「音」の探し物

 大修館書店『英語教育』の 1961 年 7 月号(Vol.X No.4)の「Question Box」欄 pp.27-28 に興味深いことが書かれている。
 Hornby の The Teaching of Structural Words and Sentence Patttern に、文頭の This や That にも下降調の発音が認められるとの説明があり、具体例として This is a ↓stone. ↓This is a stone,|↓too. などが挙げられていることを引き、実際にどのような発音になるのか説明してはもらえないだろうかという読者の願いに対し、宮田先生が答えているのだが、その最後にこうある。
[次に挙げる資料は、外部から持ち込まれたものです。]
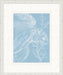 STILL764 Graphic Ocean Collection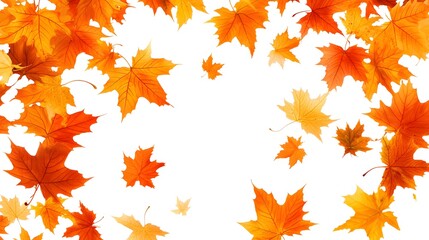 Falling Autumn Maple Leaves White Background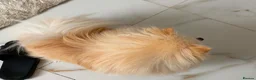 Pomeranian dogs for sale: Beautiful Pomeranian girls - Advert 7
 紙の上ではこれくらいの説明しかできません。もしご希望でしたら,実際に発音してお聞かせしましょう。つぎの規定によってお申し込みくだされば,私の発音をテープに録音してお送りします。
《録音申し込みの規定》
(1) 3型のテープをお送りください。(3型というのは,リールの直径3インチのもの,最も小さいものです。)
(2) 1度でも使用したテープでしたら,録音したものを消してからお送りください。
(3) 3型のテープが求められない場合には,その代金として 180 円かわせまたは現金でお送りくださっても結構です。
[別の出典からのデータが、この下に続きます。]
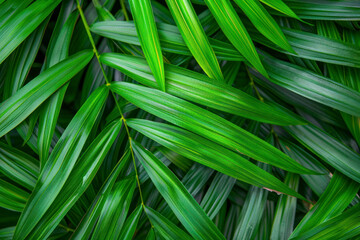 Close-up of detailed rainforest jungle leaves for background.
(4) こちらからテープを返送する費用として,そちらからお送りになった場合に要した費用と同額をお送りください。これは切手代用でも結構です。
(5) このサービスの提供はきたる7月31日限りとします。
(6) この問題以外の録音はお引受けいたしません。(ただし,今後 Question Box で扱った発音の問題については,そのつど,お引受けするかどうかをお知らせします。
(7) 申し込み先は大修館書店「英語教育」編集部 Question Box 係。

 インフォーマントとしての英語母語話者など身近に望むべくもなかった時代*1、正しい「音」を求めて藁にもすがる思いだった英語教師たち。その願いに応えようと、自分の「音」を提供しようとする先達。全国で何人もの教師たちが、オープンリールのデッキをカチャカチャ言わせながら、先達の「音」に耳を傾けたのだろう。今ではとても考えられないことだが、こんなことが実際にあったのだ。
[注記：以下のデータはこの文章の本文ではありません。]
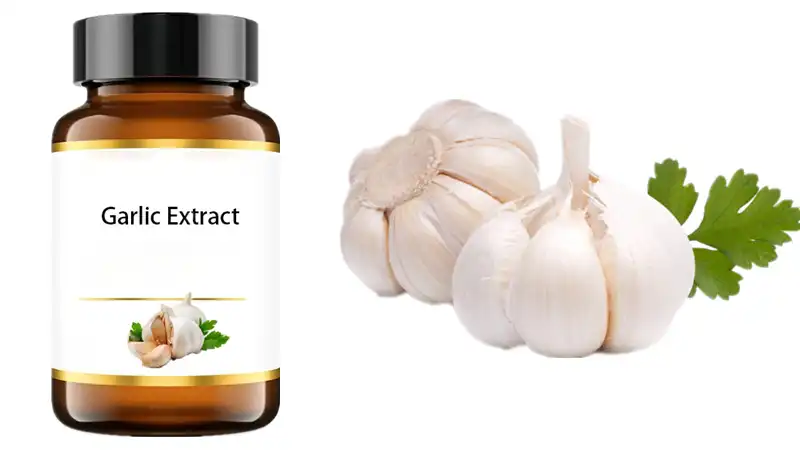 Garlic extract powder Garlic extract powder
 どなたか、この録音を申し込み、今もテープをお持ちだという方はいらっしゃらないだろうか。宮田先生の求めた「音」の正確さをこの耳で確かめることができたらと思うのである。

*1:では、今の時代、This is a ↓stone. ↓This is a stone,|↓too. の発音に対し Hornby が求めたものを読み取って再現できる英語母語話者が私たちの身近にどれほどいるのかと言えば、それには相当の議論の余地があると思う。